Ohio Valley Jewish Community Prepares For Hanukkah Celebration
It is a coincidence this year that the start of Hanukkah falls on the evening of Christmas Day, but Rabbi Joshua Lief of Temple Shalom considers it a fortuitous coincidence.
For one, he said, it shines a little more of a spotlight on the Jewish holiday during one of the major holidays of the Christian faith. And the message of Hanukkah, he added, is especially appropriate this time of year.
Hanukkah celebrates the victory of the Maccabees over the Seleucids. In 167 B.C., the Seleucids, a Syrian-Greek empire, outlawed Judaism and demanded Jews adopt Greek culture. Three years later, the Jewish revolt against the Seleucid monarchy was successful and the Second Temple in Jerusalem was rededicated.
“They fought back for their freedom not to compel the Greeks to become Jews,” Lief said, “but just for the right to keep being themselves and so, to live in a world that is overwhelmingly Christian.
“It’s a wonderful reminder that the existence of minorities is not a threat to the continued existence of the majority,” he continued.
Lief said that the Jewish community’s fight for the right to be themselves continues to this day in the Middle East, where conflict continues against Hezbollah and Hamas.

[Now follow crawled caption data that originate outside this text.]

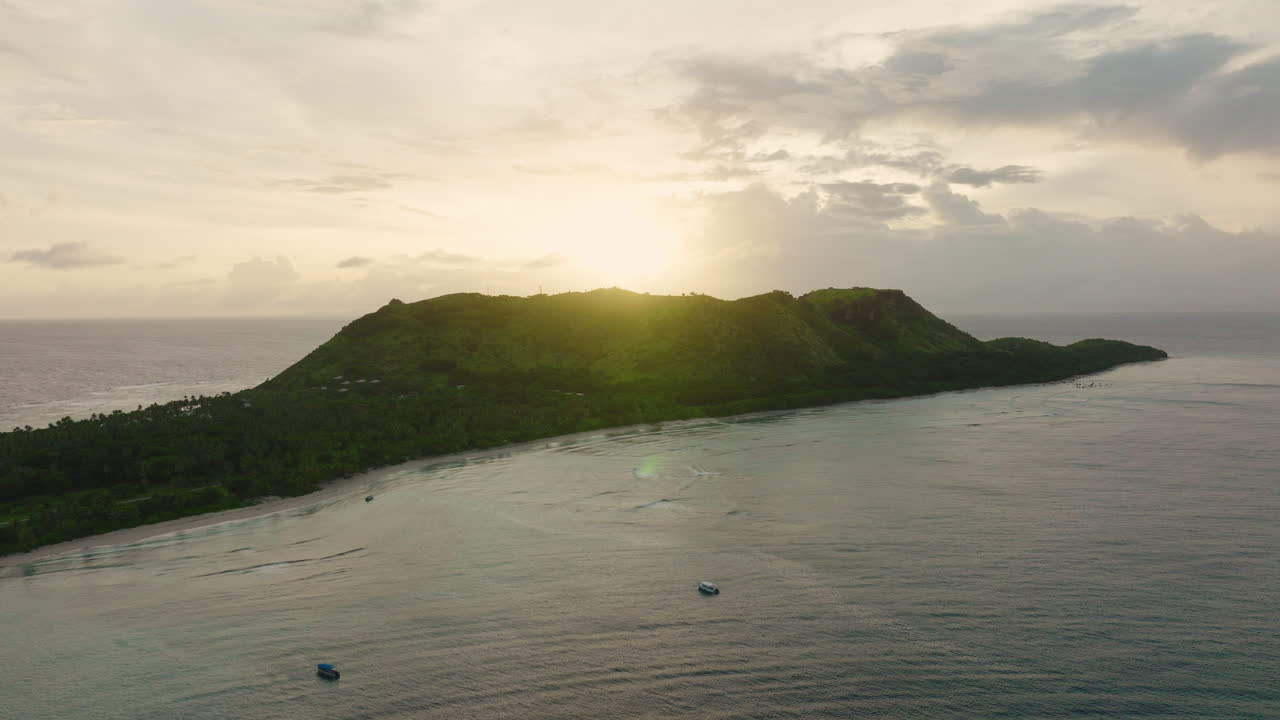 Island silhouette at dusk with warm sky and soft reflection on ocean surface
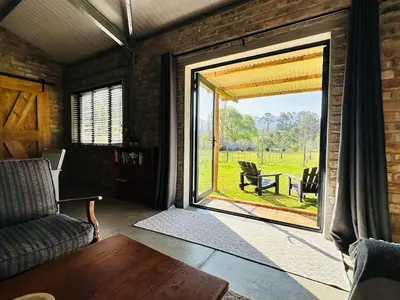 a living room with a large sliding glass door at Apple Cottage in Grabouw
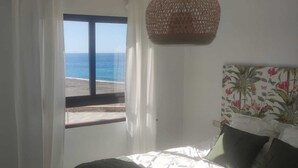 Un dormitorio con un ventanal que ofrece vistas a la playa y al océano.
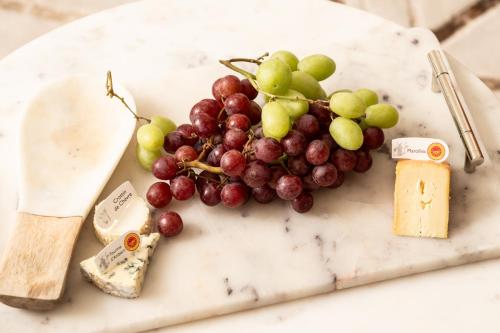 a bunch of grapes and cheese on a cutting board at Primrose - Holiday Cottage with Private Vineyard in Blandford Forum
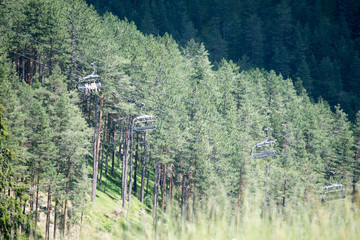 summer mountain landscape high in the mountains, tall pine trees and ski lift 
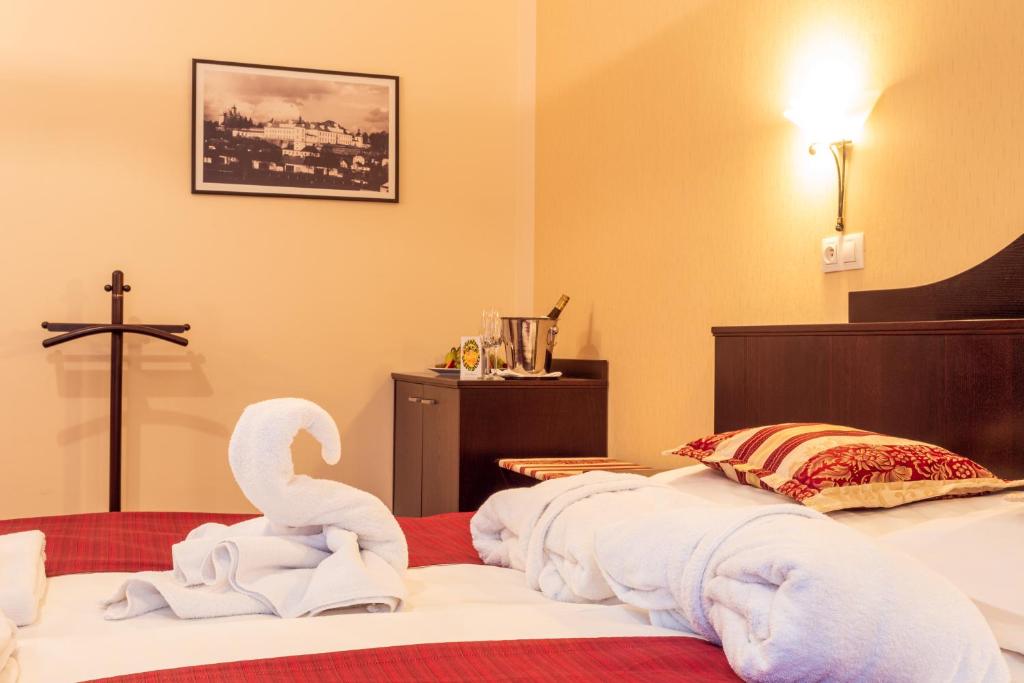 Postel nebo postele na pokoji v ubytování Hotel Studanka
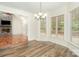 Bright dining area features large windows, modern chandelier, and views of the outdoor deck at 125 Cherokee Dr, Mooresville, NC 28117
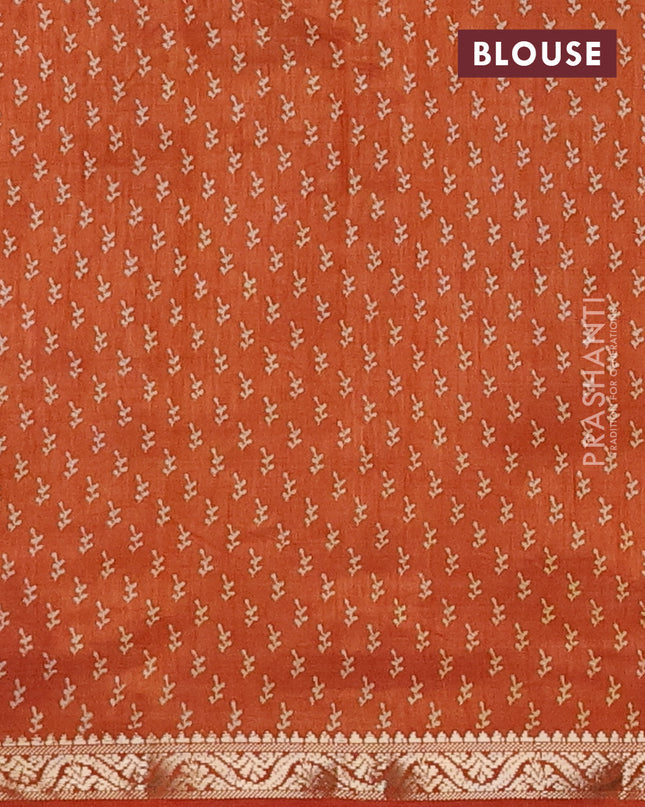 Semi raw silk saree rustic orange with allover butta prints and zari woven border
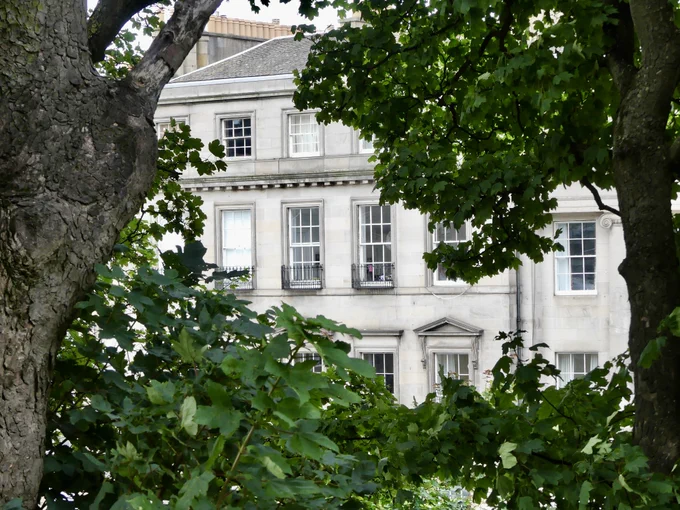 New Town building glimpsed through foliage.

Even though the Hanukkah narrative took place 2,000 years ago, he said the need for all of society to defend the minority continues to the present day.
“I think that we are judged as people, not on whether we do well for ourselves, our friends and our family,” he said, “but equally so if not more so, on whether we’re kind and gracious and supportive and defensive of those who are the stranger, those who are different than us and whether we treat them with kindness and respect.”

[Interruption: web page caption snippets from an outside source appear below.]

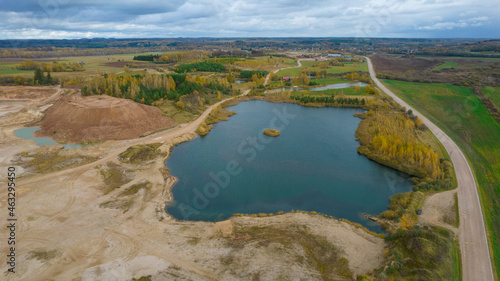 Open pit gravel mining. Little lake or pond of unusual shape with a beautiful autumn nature and gravel piles photographed from above with a drone. Real is beautiful 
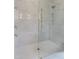 Modern shower with frameless glass door, rainfall shower head, and elegant tile work at 7723 Roberts Rd, Apex, NC 27523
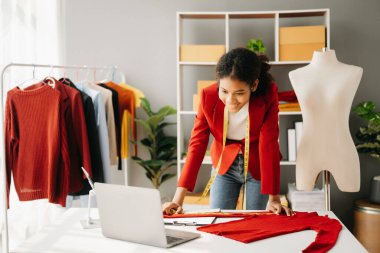 Sakin, kıvırcık esmer, koyu tenli kadın modern moda tasarımcısı, dizüstü bilgisayar ve tablet bilgisayarın ofisinde.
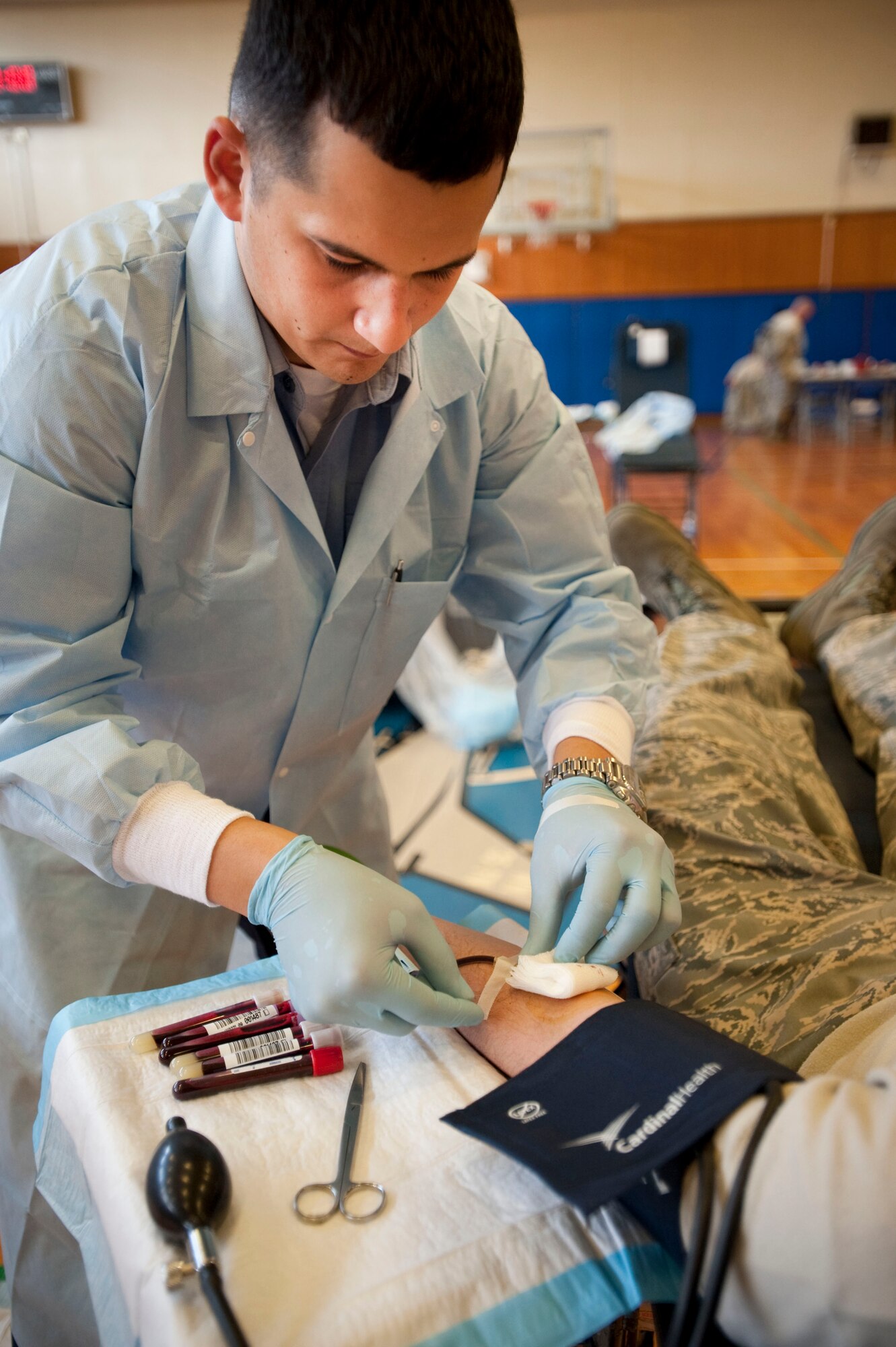 MISAWA AIR BASE, Japan -- Petty Officer 3rd Class David Nunez, Armed Services Blood Bank technician, applies a dressing to the arm of 1st Lt. Eric Miller, 35th Civil Engineer Squadron programs development officer, at the Potter Fitness Center April 28, 2009. The blood bank travels across the Pacific region collecting blood from American service members. (U.S. Air Force photo by Staff Sgt. Samuel Morse)
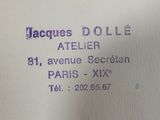 a label on a piece of paper that says jacques dole atelier
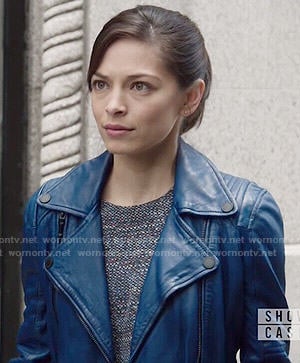 Cat’s blue leather moto jacket and layered top on Beauty and the Beast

Starting this evening, Temple Shalom will hold celebrations honoring the eight days of Hanukkah and its overall message of bringing light to the darkness. The synagogue’s “Shalom” menorah light display will shine from in front of Temple Shalom as a welcome to those driving to Oglebay Park’s Festival of Lights. There will be a Hanukkah celebration and dinner starting at 6 p.m. Friday at Temple Shalom.
There will be a special service with music and other festivities Friday, as congregants all will light their menorahs together. The dinner will follow.

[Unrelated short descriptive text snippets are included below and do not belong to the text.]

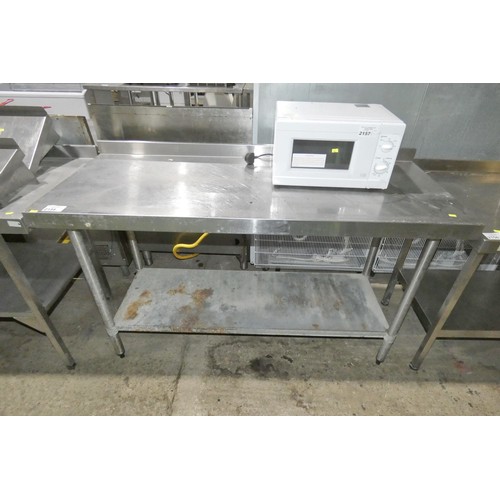 2158 - A commercial stainless steel catering type table with shelf beneath approx 150x60cm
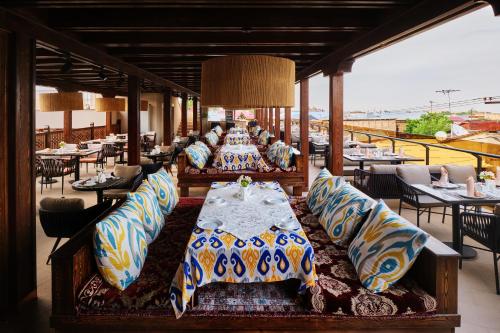 a dining room with a table and pillows at Kosh Havuz boutique hotel in Samarkand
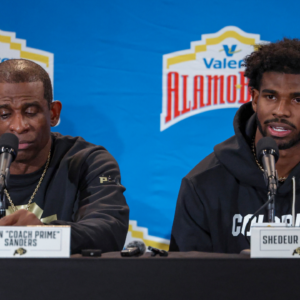 Colorado Buffaloes head coach Deion Sanders and quarterback Shedeur Sanders (2) talk with the media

While Lief said there are holidays on the Jewish calendar that carry more theological significance than Hanukkah, like Yom Kippur and Rosh Hashanah, the message of Hanukkah has become very significant in the present day. And as the center of the Jewish faith in the Ohio Valley, Temple Shalom is proud to be the gathering place for the region’s Jewish community to celebrate the season.
“We live as a tiny minority amid the vast sea of majority who are not us,” he said. “This is a time of year where we can feel a particular sense of pride in who we are, even as a small group, and also wish our friends and neighbors a very meaningful and happy holiday for their celebration as well.”